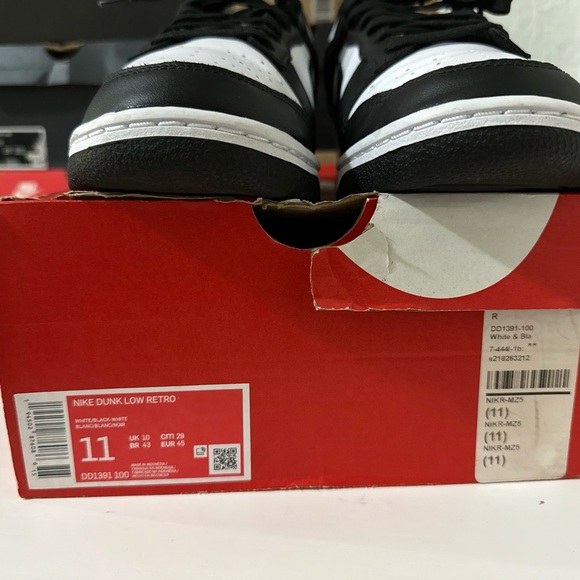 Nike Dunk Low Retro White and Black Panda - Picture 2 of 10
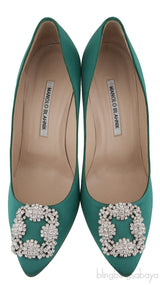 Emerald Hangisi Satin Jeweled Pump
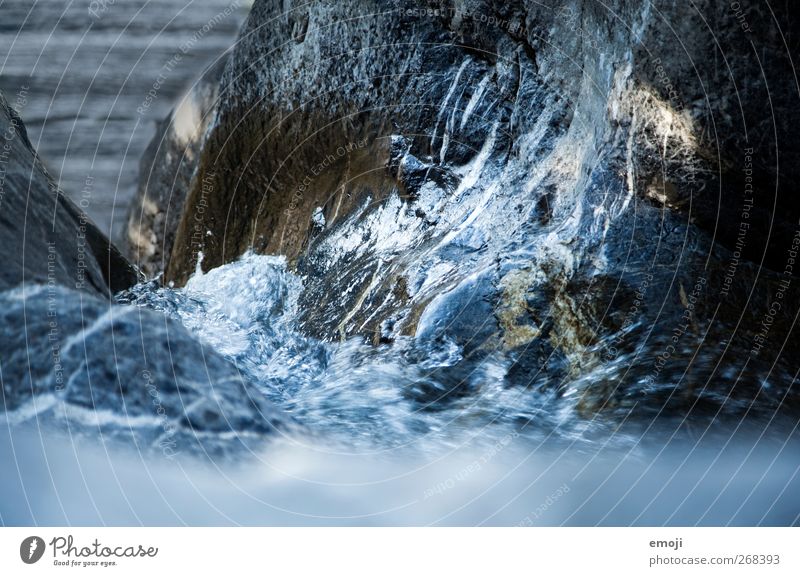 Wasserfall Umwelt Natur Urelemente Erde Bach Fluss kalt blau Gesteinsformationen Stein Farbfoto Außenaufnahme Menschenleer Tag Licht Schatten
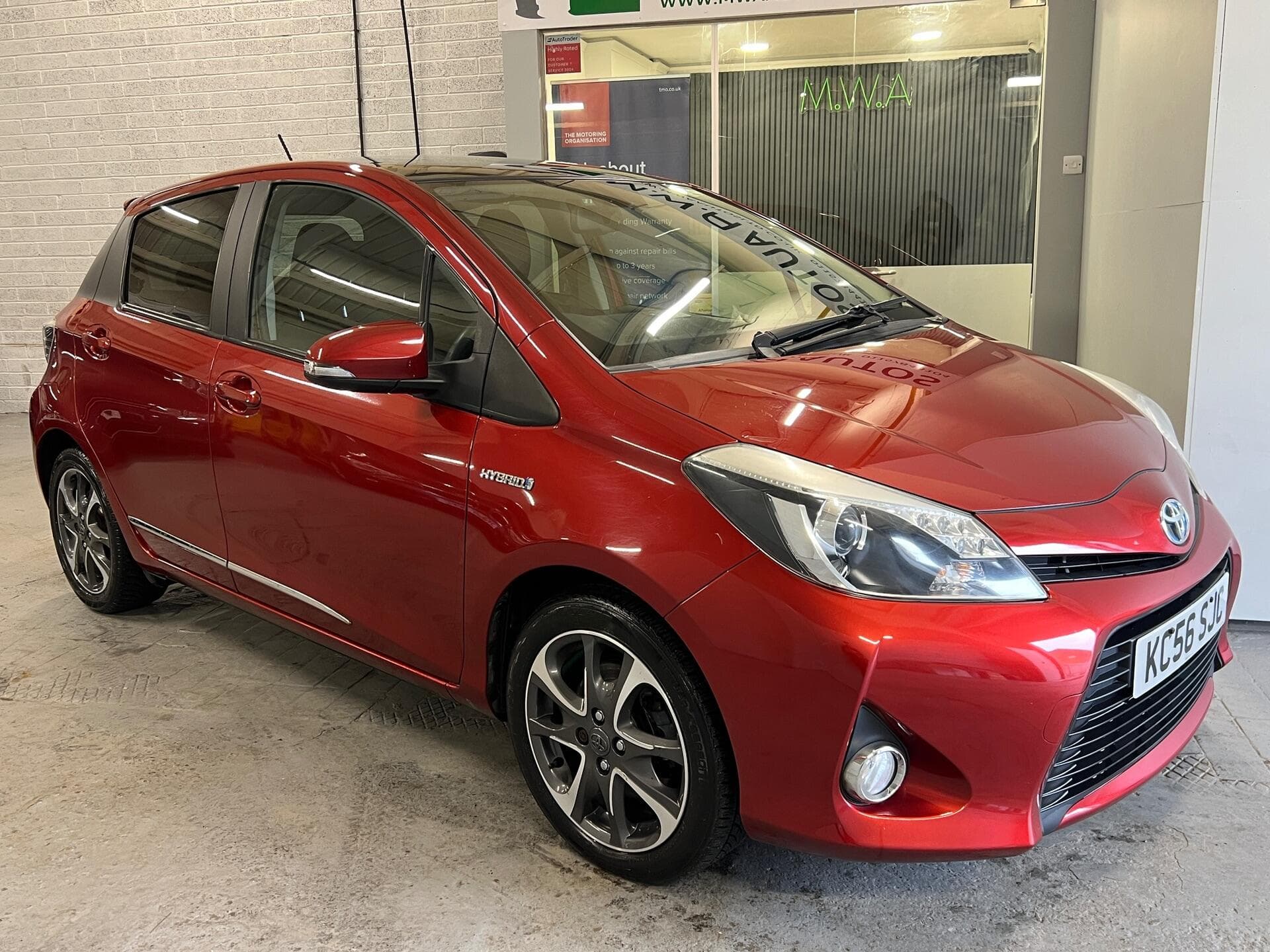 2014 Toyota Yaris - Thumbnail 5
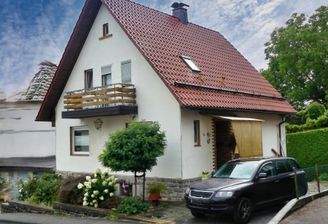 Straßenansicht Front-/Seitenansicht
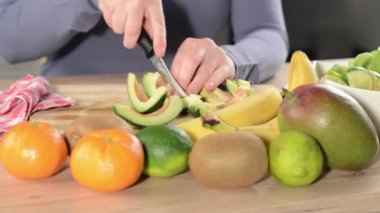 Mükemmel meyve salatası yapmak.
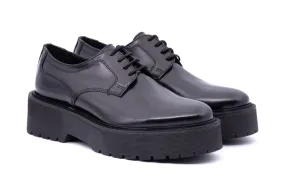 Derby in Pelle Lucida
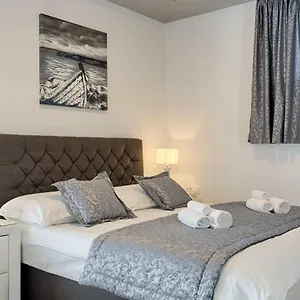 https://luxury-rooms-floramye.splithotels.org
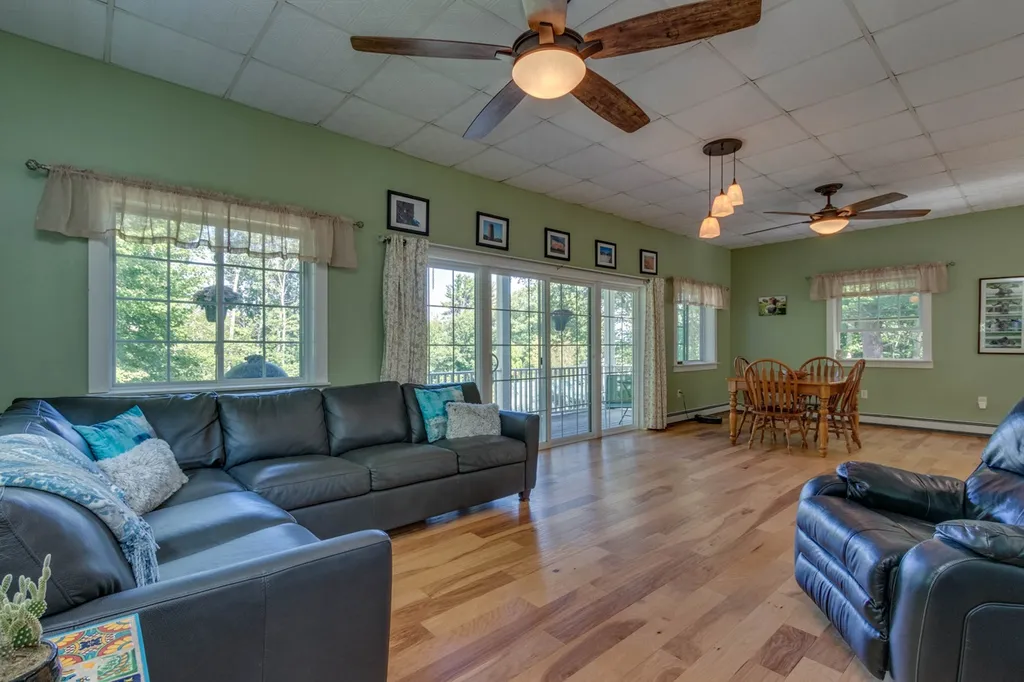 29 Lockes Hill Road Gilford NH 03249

◆ ◆ ◆

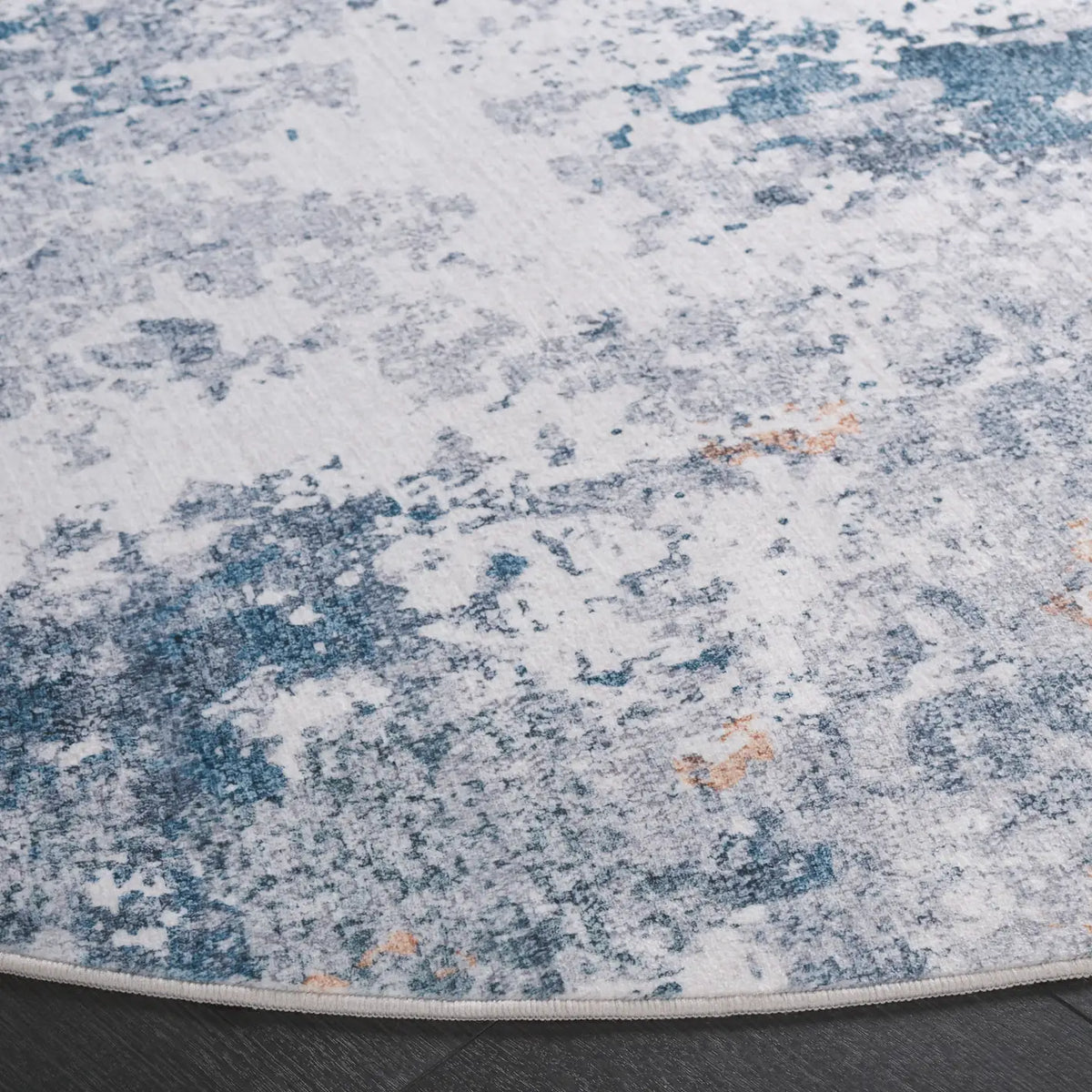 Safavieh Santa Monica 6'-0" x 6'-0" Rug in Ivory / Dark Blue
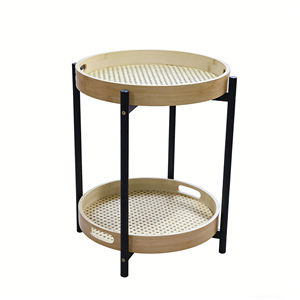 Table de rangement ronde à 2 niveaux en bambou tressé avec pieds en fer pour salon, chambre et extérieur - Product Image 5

◆ ◆ ◆

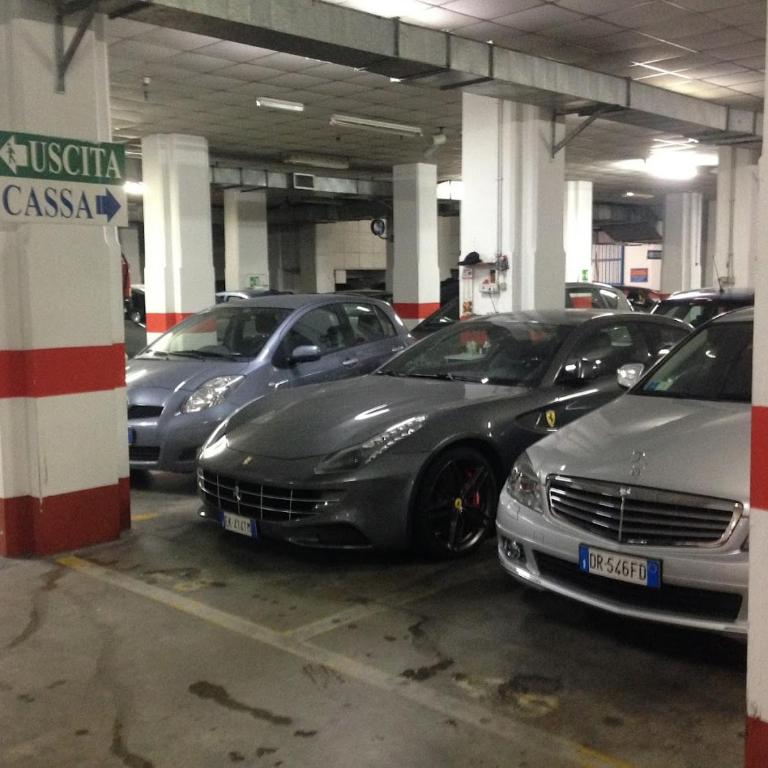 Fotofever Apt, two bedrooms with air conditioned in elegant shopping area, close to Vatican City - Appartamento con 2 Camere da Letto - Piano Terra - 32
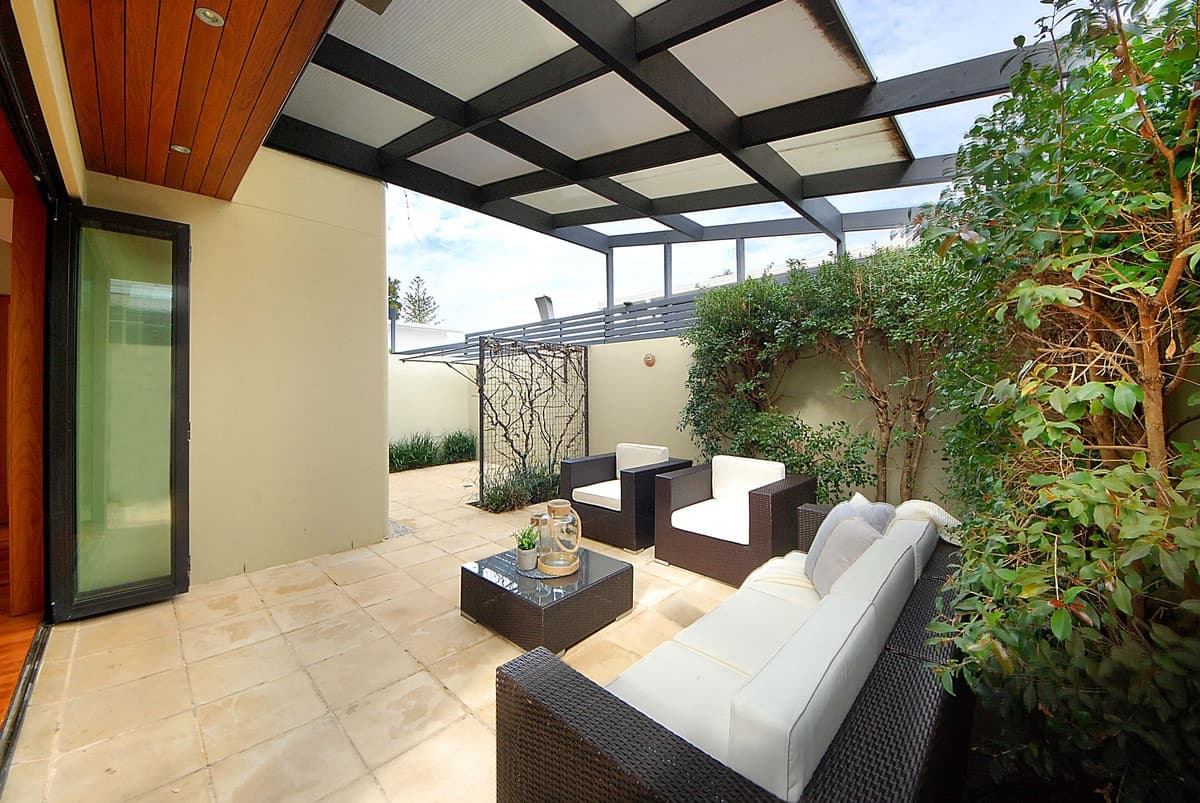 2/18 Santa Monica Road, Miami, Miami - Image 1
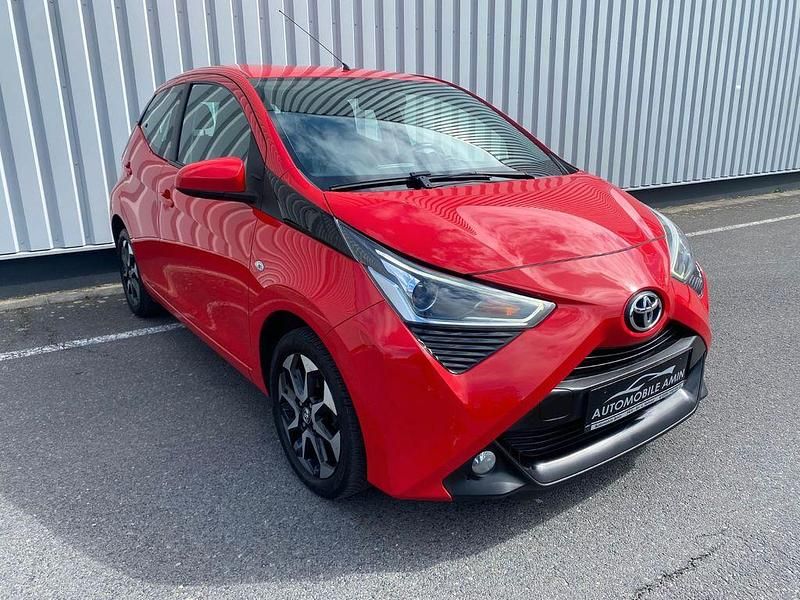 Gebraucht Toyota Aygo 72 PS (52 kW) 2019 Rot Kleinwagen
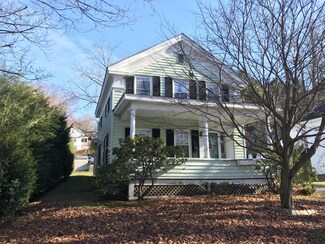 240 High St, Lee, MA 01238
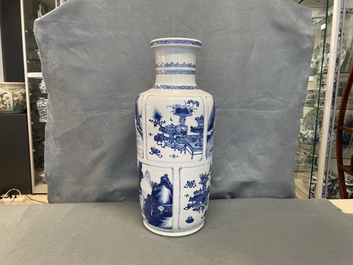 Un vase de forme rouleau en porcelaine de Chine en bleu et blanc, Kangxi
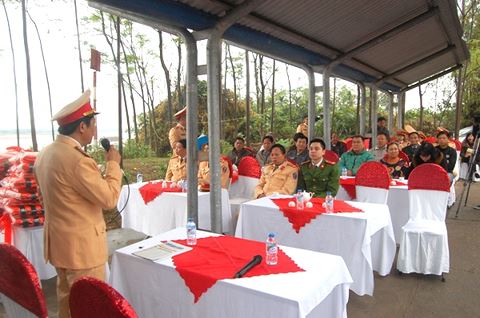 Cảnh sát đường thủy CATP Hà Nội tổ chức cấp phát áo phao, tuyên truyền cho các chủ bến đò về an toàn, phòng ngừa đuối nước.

◆ ◆ ◆

(WHAT IS NEEDED): Take only the lines above from the one that has "Safavieh Santa Monica" through the one that has "Table de rangement" and reproduce them exactly, omitting any pictures.

(EXERCISE OUTPUT):
 Safavieh Santa Monica 6'-0" x 6'-0" Rug in Ivory / Dark Blue
 Table de rangement ronde à 2 niveaux en bambou tressé avec pieds en fer pour salon, chambre et extérieur - Product Image 5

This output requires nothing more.